Cette situation d’échanges mutuels figurée ci-dessus était celle qui prévalait à l’époque pionnière du FLE dans les années 60-70.

  • Les années 60-70 sont celles où dominent les méthodes audio-visuelles -MAV-. Celles-ci sont des méthodologies d’enseignement, centrées sur l’enseignant qui reçoit une formation spécifique pour utiliser le matériel pédagogique. il peut de référer à un livre du maître lui donnant toutes instructions et précisions utiles, si nécessaire, pour animer chaque leçon image par image et séquence sonore par séquence sonore., Les concepteurs des MAV s’appuyaient sur des acquis de la linguistique structurale, de la théorie de la communication, de la psychologie, compte tenu des connaissances de l’époque.
  • Les années 80 sont marquées par les Approches communicatives qui se démarquent de la période précédente.

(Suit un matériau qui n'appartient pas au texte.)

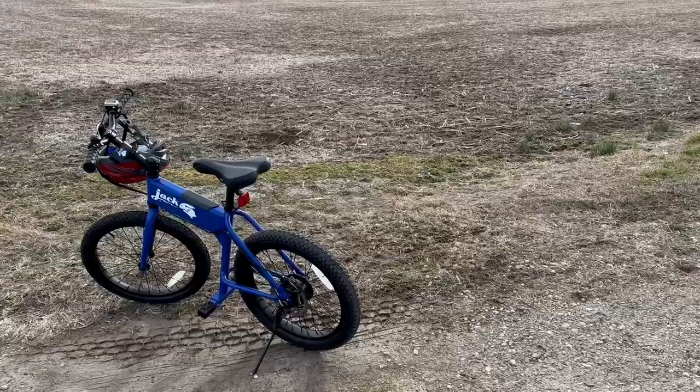It's a great little bike. It costs $999.99, and you can find it at the Jackrabbit website — there'll be a link down below as well.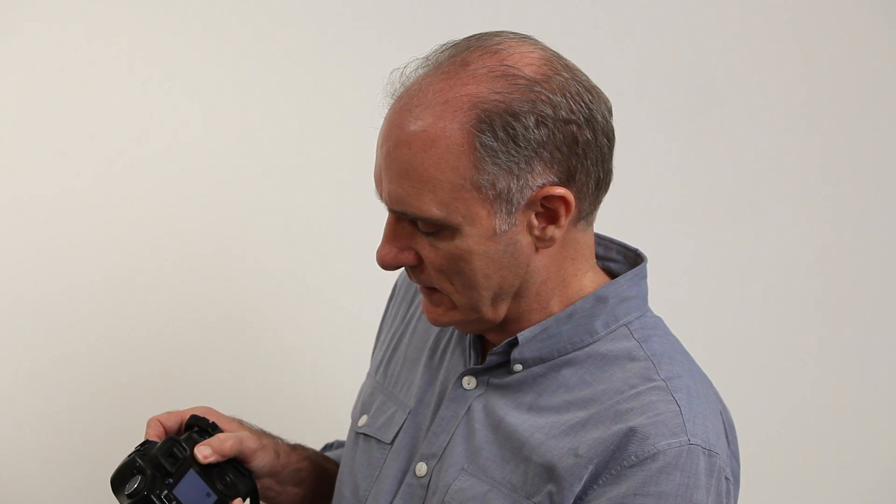Here we go. I'm going to press the review playback and press the zoom button, and I'm going to zoom right in. Now I'm going to scroll around and start looking for the dust. Let's see what we can find here.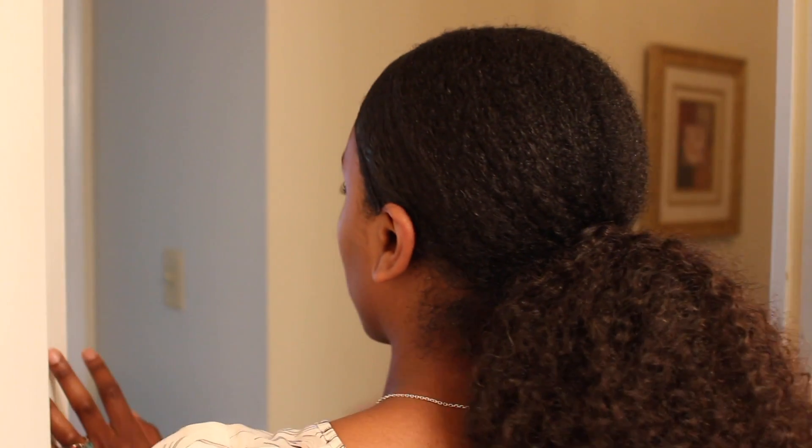You don't even have to redo the ponytail. This is going to last for three days. You can get up and go to work, school, play — whatever you want to do.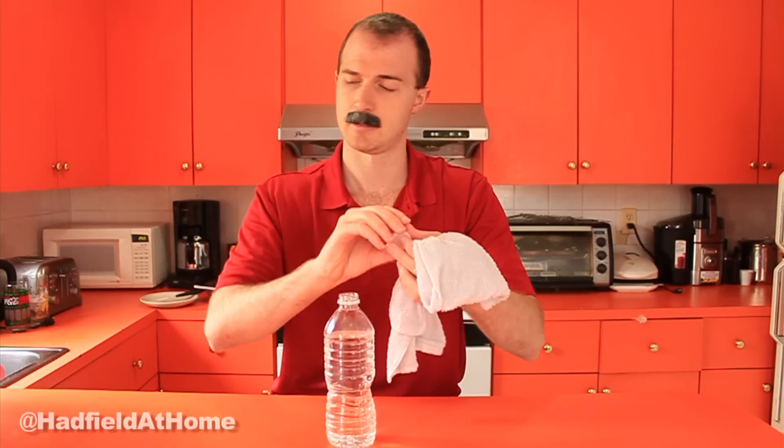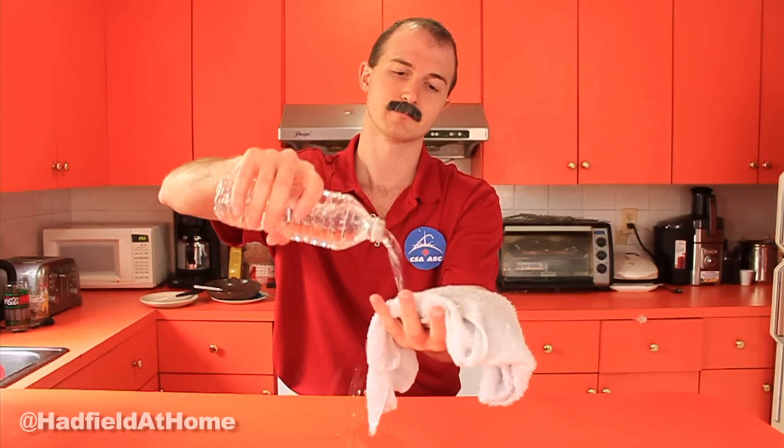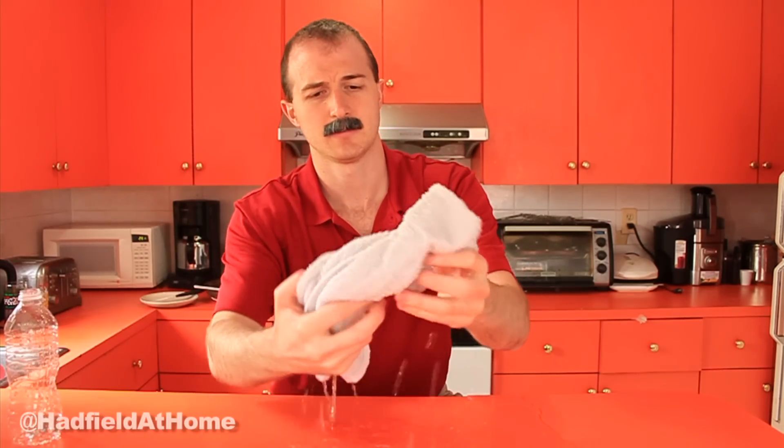Here's a water bottle and I will put some water on the washcloth. So you can see that guy is getting nice and wet. It's a very wet washcloth.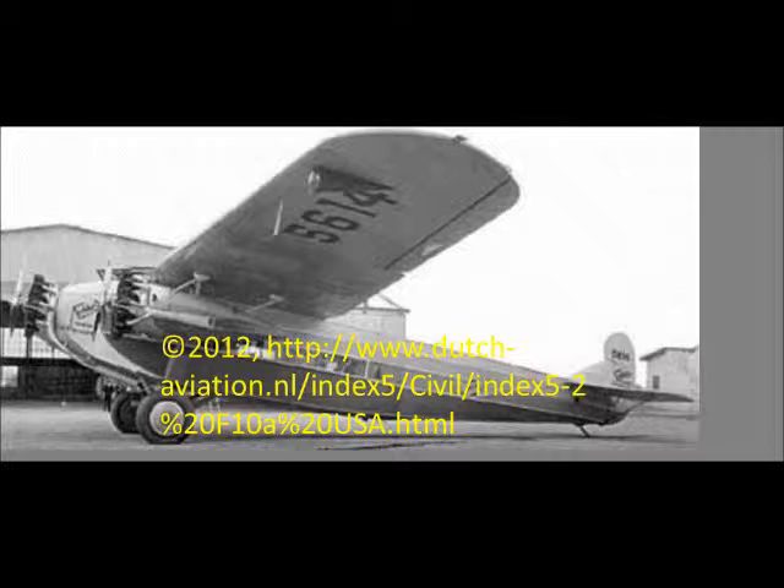They used Morse code before they could transfer voice recordings. Once they acquired a wireless telegraph, they placed it in the airplane so pilots could communicate with men on the ground.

La méthodologie des MAV est jugée trop lourde et dogmatique. On lui préfère le terme d’approche plus souple, plus ouvert, moins rigide. Les Approches communicatives favorisent des pratiques centrées non sur l’enseignement mais sur l’apprentissage. Désormais, l’apprenant est au centre du dispositif. On tient compte de ses intérêts, de ses motivations, de ses aspirations.
  • Les années 90 sont celles de l’éclectisme. Aucune méthodologie d’enseignement/apprentissage des langues et donc du FLE n’est miraculeuse. Chacune offre des avantages et présente des insuffisances ou des lacunes. Au professeur de faire son choix parmi les méthodologies à disposition en fonction de ses objectifs, de ses besoins, de sa formation… Au fond, l’enseignant est livré à lui-même. Et mal compris, l’éclectisme peut autoriser à faire tout et n’importe quoi… Le délitement de principes méthodologiques réfléchis qui avait débuté pendant l’ère des Approches communicatives va s’accentuant pendant la décennie de l’éclectisme. Et la méthodologie qui était au centre de la formation des professeurs de FLE est de plus en plus noyée dans un discours didactique de plus en plus éloigné des préoccupations et problèmes faisant le quotidien des profs et des apprenants.
  • C’est aussi au nom de l’éclectisme que s’explique l’occultation de la méthodologie dans le Cadre européen commun de référence pour les langues : « … les méthodes à mettre en œuvre pour l’apprentissage, l’enseignement et la recherche sont celles que l’on considère comme les plus efficaces pour atteindre les objectifs convenus en fonction des apprenants concernés dans leur environnement social. L’efficacité est subordonnée aux motivations et aux caractéristiques des apprenants ainsi qu’à la nature des ressources humaines et matérielles que l’on peut mettre en jeu. Le respect de ce principe fondamental conduit nécessairement à une grande variété d’objectifs et à une variété plus grande encore de méthodes et de matériels […]. Le Cadre de référence n’a pas pour vocation de promouvoir une méthode d’enseignement particulière mais bien de présenter des choix » (Cadre européen commun de référence pour les langues, 2001, p. 110). La boucle est bouclée. Ce genre d’affirmation confirme le choix fait dans beaucoup de formations de professeurs de ne pas enseigner la méthodologie pratique mais l’histoire de la méthodologie, ce qui n’est pas du tout la même chose…

Quant à moi, je persiste et signe. La linguistique appliquée est indispensable pour former un professeur de FLE. Elle le dote d’un bagage théorique et pratique lui rendant bien des services en classe. Car c’est une linguistique de terrain, qui se frotte aux difficultés et aux réussites concrètes se vivant en classe et en direct.